▸ Task statement: Set down each line from the line holding "chibi sticker-style carrot, cute" to the last line of the entries below, exactly, with both ends included and without pictures.

Source records
== Segment start ==
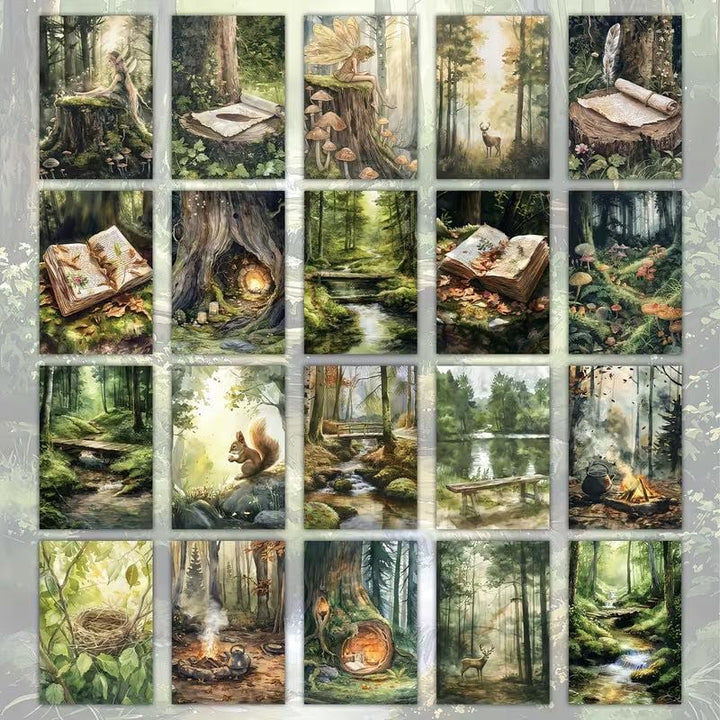Vintage Forest Fairy Illustration Cards – Set of 20 Magical Woodland Paper Cards Scrapbook Paper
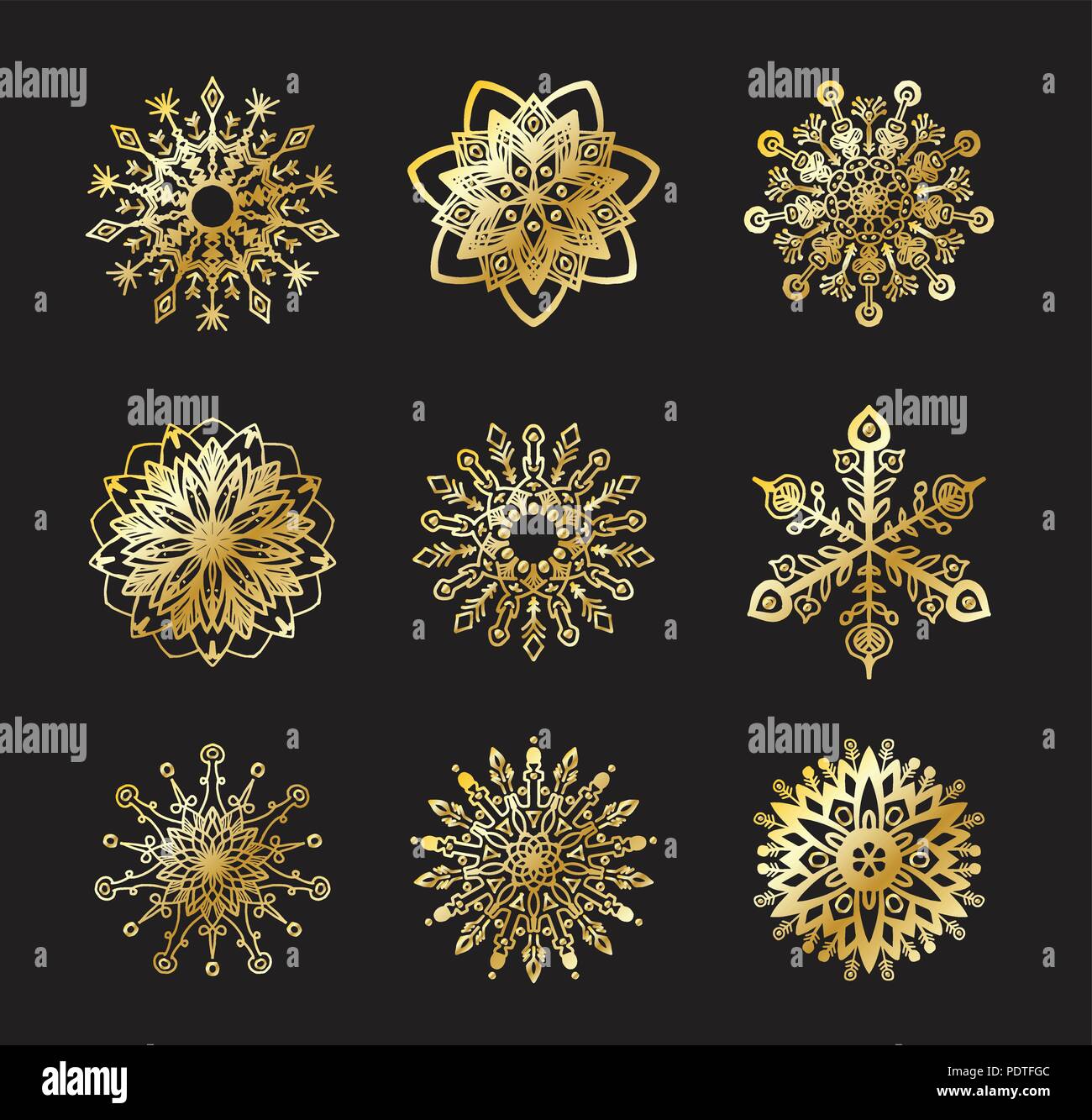 Set of vector snowflakes gold. Vector illustration Stock Vector Image ...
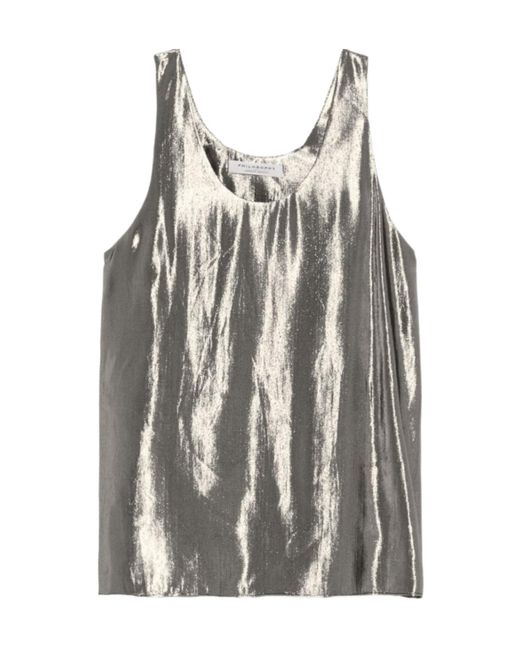 Philosophy Di Lorenzo Serafini Gray Platinum-Tone Silk Top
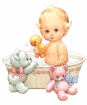 baby bath tub with teddy bears animated gif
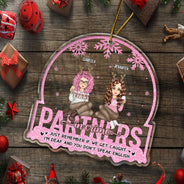 Christmas Bestie Partners In Crime Glitter - Gift For Bestie - Personalized Custom Shaped Acrylic Ornament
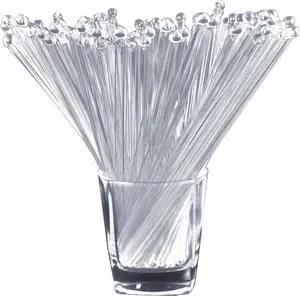 100 Pieces Disposable Plastic Round Top Clear Swizzle Sticks, Crystal Cake Stick, Cocktail Coffee Drink Stirrers 7.24 Inch (Transparent) 100 Pieces Disposable Plastic Round Top Clear Swizzle Sticks, Crystal Cake Stick, Cocktail Coffee Drink Stirrers 7.24 Inch (Transparent)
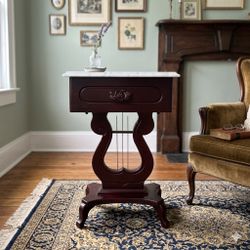Late 20th Century Victorian Style Lyre-Harp Mahogany Italian Side Table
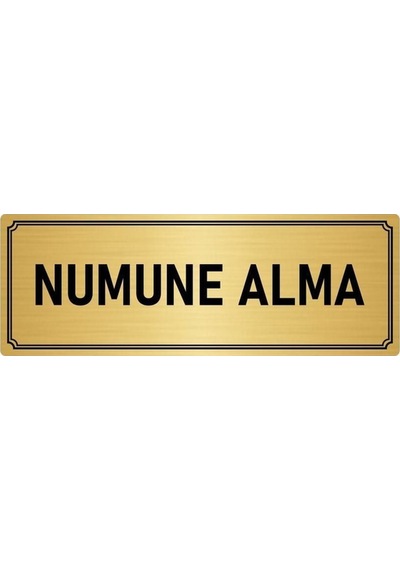 Metal Yönlendirme Levhası, Departman Kapı Isimliği Numune Alma 5x20 Cm Altın Renk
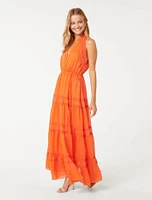 Faye Trim Detail Dress Orange - 0 to 12 Women's Occasion Dresses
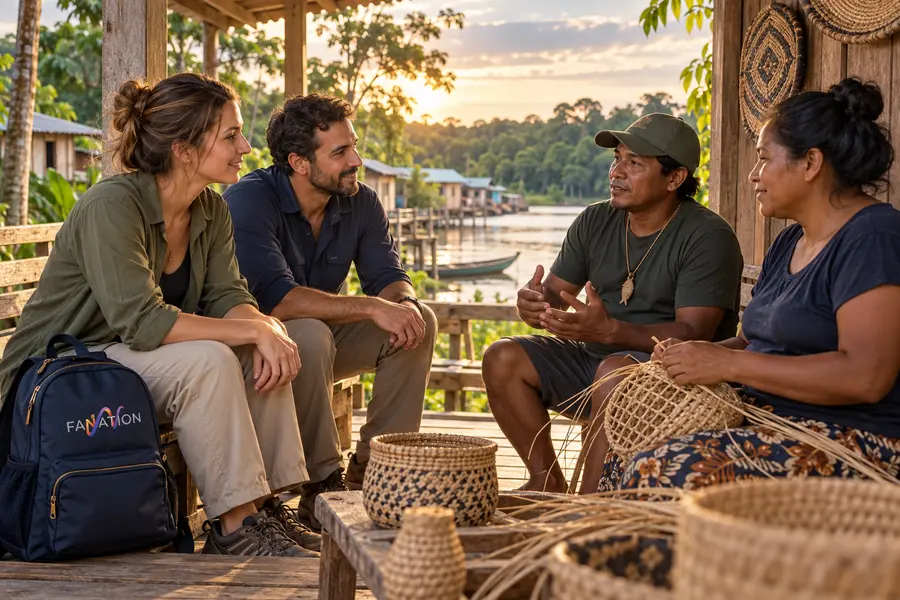 Encuentro respetuoso de viajeros FANATION con una comunidad ribereña del Amazonas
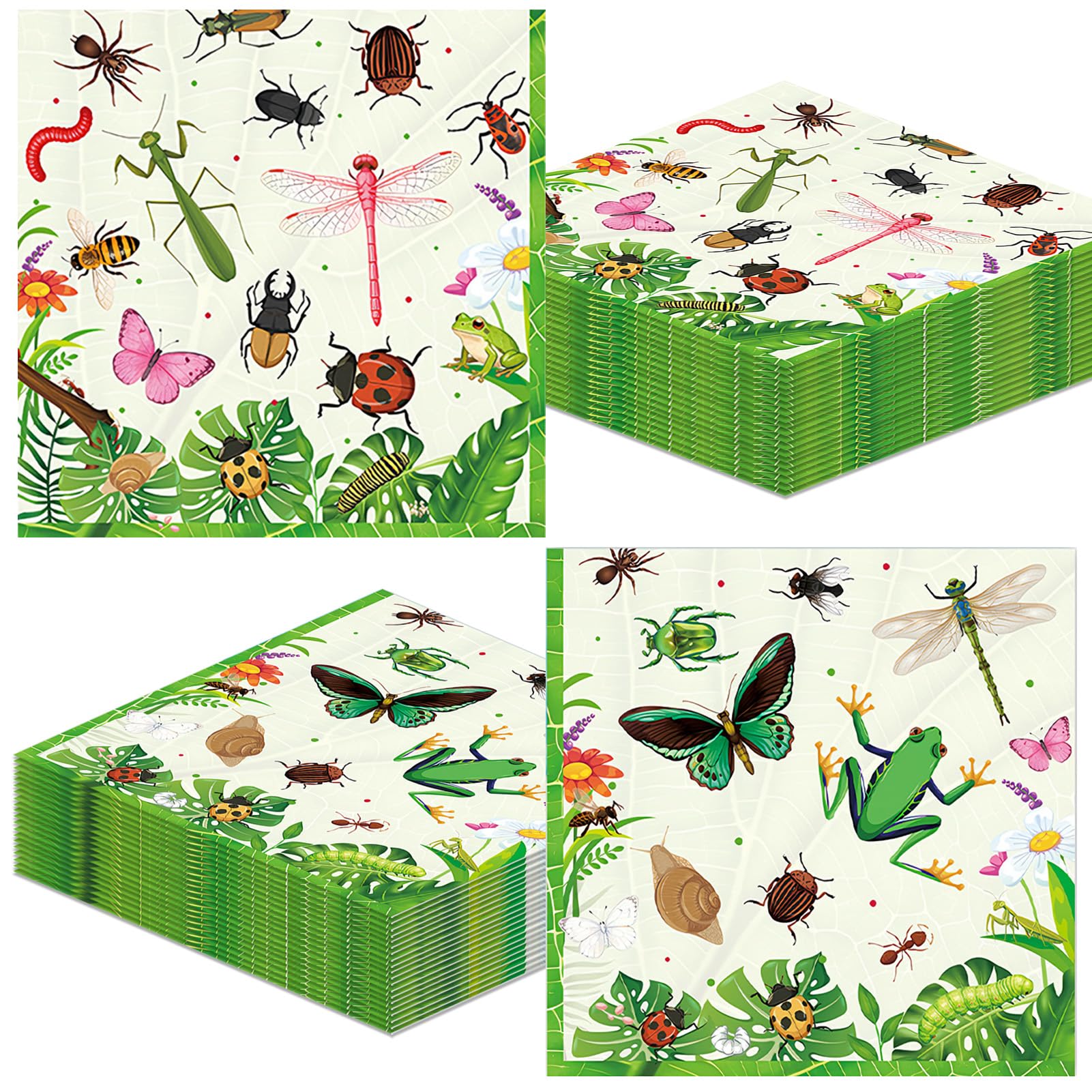 40Pcs Bug Theme Napkins Bug Birthday Party Decorations Garden Nature Themed Insect Party Napkins, for Nature Theme Decor, Kids Girls Boys Dinner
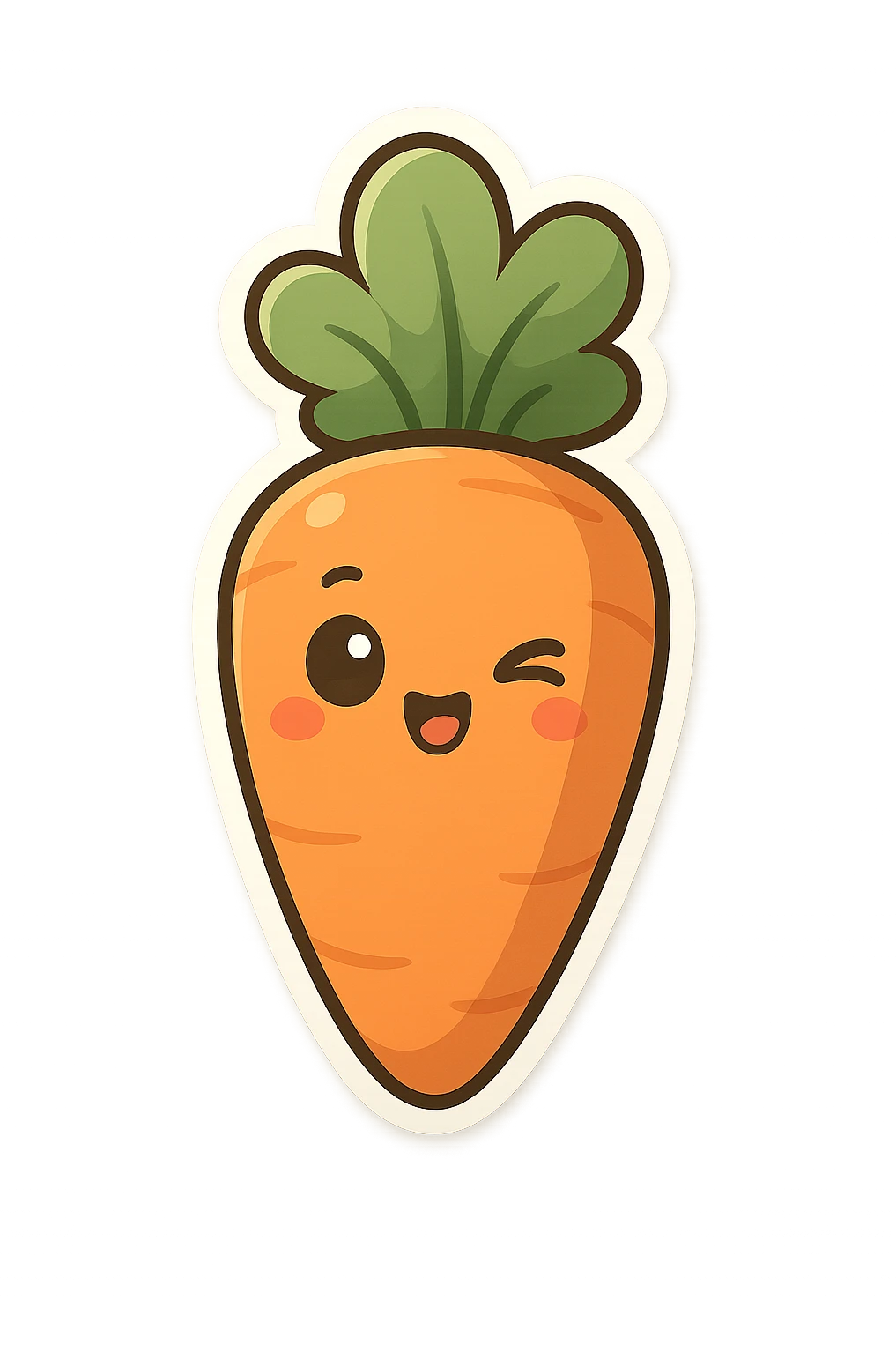 chibi sticker-style carrot, cute and exaggerated, with a playful wink and a leafy top emoji
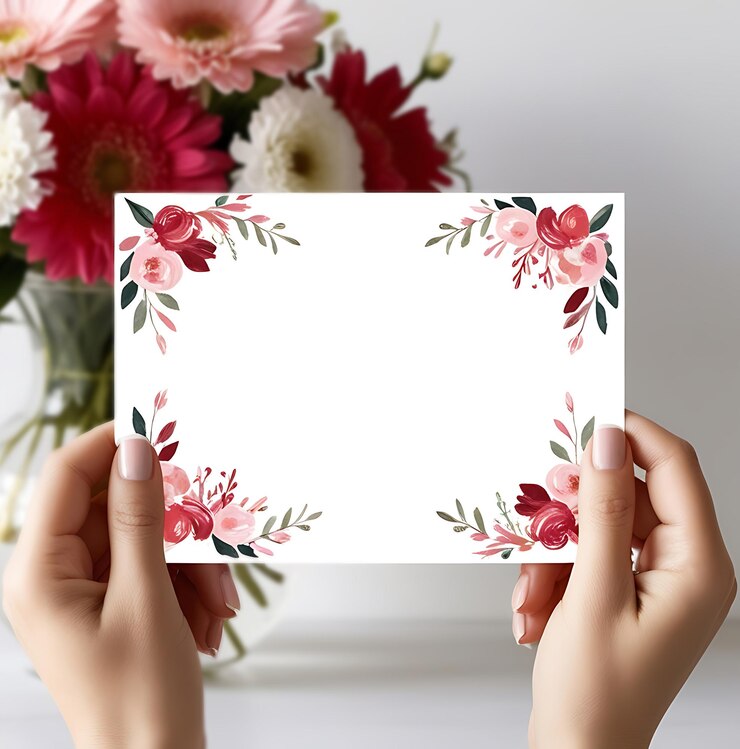 Photo thank you card with watercolor flower border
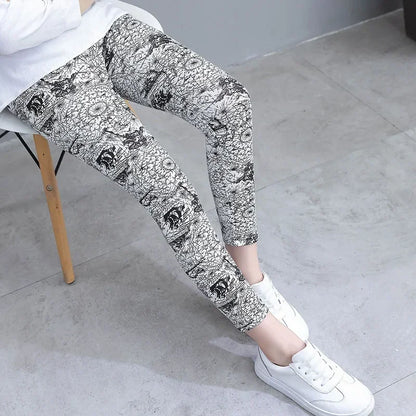 Baby Girls Leggings Kids Pencil Pants Casual Floral Trousers Slim Leggings Teens Nine Point Pant 2025 Spring Children's Clothing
== Segment end ==
▸ Response below:
 chibi sticker-style carrot, cute and exaggerated, with a playful wink and a leafy top emoji
 Photo thank you card with watercolor flower border
 Baby Girls Leggings Kids Pencil Pants Casual Floral Trousers Slim Leggings Teens Nine Point Pant 2025 Spring Children's Clothing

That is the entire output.